(AVAILABLE RECORDS)
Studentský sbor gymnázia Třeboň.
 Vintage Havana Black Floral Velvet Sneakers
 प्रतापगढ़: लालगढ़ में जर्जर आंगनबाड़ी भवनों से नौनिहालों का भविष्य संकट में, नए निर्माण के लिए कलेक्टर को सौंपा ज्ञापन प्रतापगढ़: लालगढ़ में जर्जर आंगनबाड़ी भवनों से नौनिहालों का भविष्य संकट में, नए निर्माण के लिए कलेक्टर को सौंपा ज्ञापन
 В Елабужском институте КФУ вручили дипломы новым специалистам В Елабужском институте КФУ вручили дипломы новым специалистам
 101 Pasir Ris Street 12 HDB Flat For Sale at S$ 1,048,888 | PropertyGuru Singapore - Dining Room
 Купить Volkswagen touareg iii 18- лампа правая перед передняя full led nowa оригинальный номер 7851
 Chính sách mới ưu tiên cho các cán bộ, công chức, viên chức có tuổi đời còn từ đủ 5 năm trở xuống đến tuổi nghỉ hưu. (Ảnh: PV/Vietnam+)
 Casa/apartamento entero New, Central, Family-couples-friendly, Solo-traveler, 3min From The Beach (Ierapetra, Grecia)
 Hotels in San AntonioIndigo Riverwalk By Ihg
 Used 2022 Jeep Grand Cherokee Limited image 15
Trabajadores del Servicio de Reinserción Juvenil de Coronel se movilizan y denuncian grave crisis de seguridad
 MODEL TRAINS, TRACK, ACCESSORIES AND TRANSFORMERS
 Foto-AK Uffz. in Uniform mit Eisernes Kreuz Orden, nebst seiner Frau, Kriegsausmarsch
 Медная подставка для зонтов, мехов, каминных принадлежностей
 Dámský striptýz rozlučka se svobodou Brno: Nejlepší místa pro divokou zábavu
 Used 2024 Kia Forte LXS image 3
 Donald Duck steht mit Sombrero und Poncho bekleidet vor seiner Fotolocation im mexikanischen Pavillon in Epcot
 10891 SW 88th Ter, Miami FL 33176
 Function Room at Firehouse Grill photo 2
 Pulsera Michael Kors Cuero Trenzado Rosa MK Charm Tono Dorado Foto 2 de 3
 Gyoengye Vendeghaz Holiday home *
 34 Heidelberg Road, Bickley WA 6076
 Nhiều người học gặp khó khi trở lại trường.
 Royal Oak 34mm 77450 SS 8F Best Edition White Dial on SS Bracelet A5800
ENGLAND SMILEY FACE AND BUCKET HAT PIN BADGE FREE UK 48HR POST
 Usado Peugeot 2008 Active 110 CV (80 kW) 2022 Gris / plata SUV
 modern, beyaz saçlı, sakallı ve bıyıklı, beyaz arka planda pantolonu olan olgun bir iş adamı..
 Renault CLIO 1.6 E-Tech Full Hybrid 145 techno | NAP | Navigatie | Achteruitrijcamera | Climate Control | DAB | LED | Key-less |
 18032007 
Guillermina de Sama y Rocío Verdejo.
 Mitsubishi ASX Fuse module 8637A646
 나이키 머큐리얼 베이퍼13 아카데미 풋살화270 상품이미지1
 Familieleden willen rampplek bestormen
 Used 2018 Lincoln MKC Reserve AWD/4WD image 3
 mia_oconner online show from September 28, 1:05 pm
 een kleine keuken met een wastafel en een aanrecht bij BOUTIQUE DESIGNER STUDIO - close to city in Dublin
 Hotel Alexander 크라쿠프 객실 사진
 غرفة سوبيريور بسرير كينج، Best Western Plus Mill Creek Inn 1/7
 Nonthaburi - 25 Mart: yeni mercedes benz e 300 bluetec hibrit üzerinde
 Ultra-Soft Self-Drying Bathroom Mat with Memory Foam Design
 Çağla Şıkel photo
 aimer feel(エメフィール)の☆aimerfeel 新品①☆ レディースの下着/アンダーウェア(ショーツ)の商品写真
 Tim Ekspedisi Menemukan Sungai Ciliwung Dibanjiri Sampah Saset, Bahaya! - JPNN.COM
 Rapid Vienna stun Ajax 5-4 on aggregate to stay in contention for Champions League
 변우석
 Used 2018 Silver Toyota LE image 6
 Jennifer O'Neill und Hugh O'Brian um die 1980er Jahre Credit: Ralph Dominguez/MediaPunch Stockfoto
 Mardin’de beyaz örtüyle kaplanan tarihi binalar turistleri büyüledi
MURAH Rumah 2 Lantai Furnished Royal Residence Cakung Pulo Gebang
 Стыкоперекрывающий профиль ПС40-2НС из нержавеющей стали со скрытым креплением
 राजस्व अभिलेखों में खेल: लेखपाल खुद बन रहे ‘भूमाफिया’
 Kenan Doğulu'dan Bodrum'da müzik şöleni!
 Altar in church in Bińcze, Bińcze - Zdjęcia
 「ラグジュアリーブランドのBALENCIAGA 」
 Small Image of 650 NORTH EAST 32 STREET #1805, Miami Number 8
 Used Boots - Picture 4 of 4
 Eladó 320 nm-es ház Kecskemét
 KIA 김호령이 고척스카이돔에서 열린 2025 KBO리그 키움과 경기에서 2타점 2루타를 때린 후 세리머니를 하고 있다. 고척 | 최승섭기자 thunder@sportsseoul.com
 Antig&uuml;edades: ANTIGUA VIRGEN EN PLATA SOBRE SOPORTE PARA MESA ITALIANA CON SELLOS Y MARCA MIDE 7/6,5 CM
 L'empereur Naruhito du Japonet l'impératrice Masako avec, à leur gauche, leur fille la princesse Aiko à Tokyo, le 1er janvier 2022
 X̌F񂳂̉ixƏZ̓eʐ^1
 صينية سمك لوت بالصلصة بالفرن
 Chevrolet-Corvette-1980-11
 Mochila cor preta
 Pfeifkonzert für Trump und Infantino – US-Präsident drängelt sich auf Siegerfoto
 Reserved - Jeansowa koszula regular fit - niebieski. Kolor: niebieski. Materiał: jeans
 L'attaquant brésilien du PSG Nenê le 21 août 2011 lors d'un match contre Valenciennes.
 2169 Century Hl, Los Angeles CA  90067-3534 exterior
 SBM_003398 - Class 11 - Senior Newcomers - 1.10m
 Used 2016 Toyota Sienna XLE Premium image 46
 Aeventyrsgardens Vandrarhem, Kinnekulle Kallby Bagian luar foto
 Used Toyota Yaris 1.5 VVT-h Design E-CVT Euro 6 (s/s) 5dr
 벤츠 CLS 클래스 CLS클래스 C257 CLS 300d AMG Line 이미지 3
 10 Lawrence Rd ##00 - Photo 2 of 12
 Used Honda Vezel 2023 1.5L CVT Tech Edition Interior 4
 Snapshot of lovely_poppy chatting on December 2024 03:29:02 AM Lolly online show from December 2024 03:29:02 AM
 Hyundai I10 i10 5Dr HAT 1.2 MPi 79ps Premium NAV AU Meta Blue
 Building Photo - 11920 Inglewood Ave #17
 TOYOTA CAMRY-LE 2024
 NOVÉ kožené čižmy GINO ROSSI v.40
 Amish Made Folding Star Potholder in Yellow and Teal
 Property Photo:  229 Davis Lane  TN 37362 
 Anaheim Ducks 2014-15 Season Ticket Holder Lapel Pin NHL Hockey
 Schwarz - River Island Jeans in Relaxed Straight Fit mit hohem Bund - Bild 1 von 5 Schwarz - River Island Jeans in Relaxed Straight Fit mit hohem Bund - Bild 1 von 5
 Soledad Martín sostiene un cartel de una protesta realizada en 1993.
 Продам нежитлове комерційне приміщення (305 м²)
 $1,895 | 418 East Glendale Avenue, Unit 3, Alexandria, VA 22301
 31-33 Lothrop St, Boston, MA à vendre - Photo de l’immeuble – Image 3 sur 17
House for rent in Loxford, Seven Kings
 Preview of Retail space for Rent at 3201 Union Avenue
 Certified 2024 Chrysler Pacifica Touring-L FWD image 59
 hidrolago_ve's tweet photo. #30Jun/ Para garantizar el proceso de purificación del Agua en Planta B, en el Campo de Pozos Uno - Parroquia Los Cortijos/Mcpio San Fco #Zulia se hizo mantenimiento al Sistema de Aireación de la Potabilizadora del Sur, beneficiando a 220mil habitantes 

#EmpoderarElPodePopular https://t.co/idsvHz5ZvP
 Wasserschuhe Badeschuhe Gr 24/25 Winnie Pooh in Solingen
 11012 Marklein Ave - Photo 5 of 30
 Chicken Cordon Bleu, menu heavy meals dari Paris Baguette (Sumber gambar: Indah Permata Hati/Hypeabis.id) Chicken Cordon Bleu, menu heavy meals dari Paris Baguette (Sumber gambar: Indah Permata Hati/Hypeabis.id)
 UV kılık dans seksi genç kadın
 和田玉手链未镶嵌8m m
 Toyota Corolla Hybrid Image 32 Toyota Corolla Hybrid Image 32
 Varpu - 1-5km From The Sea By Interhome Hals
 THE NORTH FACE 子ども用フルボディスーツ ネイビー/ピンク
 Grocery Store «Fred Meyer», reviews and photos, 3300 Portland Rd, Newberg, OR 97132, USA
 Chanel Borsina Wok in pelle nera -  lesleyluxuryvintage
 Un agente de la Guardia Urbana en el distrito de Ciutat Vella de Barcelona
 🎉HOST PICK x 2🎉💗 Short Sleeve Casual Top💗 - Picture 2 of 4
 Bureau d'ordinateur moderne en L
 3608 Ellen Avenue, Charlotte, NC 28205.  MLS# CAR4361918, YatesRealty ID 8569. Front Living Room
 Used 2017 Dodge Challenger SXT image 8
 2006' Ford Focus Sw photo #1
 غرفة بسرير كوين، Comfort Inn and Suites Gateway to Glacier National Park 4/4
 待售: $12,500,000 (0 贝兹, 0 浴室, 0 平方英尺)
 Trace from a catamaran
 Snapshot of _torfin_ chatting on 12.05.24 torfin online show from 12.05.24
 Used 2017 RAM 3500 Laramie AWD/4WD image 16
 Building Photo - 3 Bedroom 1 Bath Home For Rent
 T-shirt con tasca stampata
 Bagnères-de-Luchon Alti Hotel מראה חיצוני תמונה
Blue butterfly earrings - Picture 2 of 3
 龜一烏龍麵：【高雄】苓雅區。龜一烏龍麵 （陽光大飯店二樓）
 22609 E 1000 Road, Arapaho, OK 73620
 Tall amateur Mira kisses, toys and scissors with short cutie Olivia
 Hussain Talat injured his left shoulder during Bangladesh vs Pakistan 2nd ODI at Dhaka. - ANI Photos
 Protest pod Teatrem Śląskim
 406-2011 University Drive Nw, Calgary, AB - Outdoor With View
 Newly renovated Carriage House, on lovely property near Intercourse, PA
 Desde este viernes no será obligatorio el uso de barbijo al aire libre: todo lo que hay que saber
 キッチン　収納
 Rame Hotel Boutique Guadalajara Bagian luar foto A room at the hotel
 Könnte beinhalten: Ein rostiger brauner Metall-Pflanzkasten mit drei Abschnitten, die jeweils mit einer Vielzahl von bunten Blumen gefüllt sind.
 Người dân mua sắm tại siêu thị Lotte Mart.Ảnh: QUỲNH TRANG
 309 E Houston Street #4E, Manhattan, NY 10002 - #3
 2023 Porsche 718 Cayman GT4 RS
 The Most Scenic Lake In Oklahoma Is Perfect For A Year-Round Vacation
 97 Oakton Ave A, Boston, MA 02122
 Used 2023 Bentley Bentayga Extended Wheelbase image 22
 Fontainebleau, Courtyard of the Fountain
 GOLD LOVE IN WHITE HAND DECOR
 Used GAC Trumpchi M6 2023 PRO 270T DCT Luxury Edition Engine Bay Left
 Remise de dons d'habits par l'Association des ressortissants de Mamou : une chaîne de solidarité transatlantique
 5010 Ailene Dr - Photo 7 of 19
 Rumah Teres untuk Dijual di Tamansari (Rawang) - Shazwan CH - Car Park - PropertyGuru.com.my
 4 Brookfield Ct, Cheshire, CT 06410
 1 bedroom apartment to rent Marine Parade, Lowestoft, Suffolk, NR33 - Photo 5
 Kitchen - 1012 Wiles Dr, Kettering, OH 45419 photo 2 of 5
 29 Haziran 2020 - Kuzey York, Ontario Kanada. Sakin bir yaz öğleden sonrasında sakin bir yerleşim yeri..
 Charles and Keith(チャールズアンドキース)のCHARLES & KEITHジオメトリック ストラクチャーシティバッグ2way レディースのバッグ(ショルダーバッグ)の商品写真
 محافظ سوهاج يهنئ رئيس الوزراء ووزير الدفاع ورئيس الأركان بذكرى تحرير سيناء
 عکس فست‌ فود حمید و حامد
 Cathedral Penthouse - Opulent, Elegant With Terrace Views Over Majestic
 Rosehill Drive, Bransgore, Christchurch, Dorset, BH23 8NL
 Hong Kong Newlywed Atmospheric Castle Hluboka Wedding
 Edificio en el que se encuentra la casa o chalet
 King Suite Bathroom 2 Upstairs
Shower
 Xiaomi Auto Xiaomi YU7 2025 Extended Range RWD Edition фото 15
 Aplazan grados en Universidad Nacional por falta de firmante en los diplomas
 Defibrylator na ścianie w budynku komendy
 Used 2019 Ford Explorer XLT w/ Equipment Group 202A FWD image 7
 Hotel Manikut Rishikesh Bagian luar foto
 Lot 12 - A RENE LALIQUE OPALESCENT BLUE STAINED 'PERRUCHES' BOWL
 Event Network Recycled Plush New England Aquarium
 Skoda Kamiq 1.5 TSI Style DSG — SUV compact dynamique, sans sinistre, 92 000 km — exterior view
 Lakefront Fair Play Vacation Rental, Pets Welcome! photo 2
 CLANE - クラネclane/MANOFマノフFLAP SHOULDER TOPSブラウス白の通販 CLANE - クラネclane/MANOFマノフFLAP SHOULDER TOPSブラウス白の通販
(End AVAILABLE RECORDS)
§ WHAT TO WORK ON: Take the line above containing "Trace from a catamaran", the line containing "Bagnères-de-Luchon Alti Hotel", and all lines in between, and copy them exactly without anything else.

§ RESPONSE TO THE TASK:
 Trace from a catamaran
 Snapshot of _torfin_ chatting on 12.05.24 torfin online show from 12.05.24
 Used 2017 RAM 3500 Laramie AWD/4WD image 16
 Building Photo - 3 Bedroom 1 Bath Home For Rent
 T-shirt con tasca stampata
 Bagnères-de-Luchon Alti Hotel מראה חיצוני תמונה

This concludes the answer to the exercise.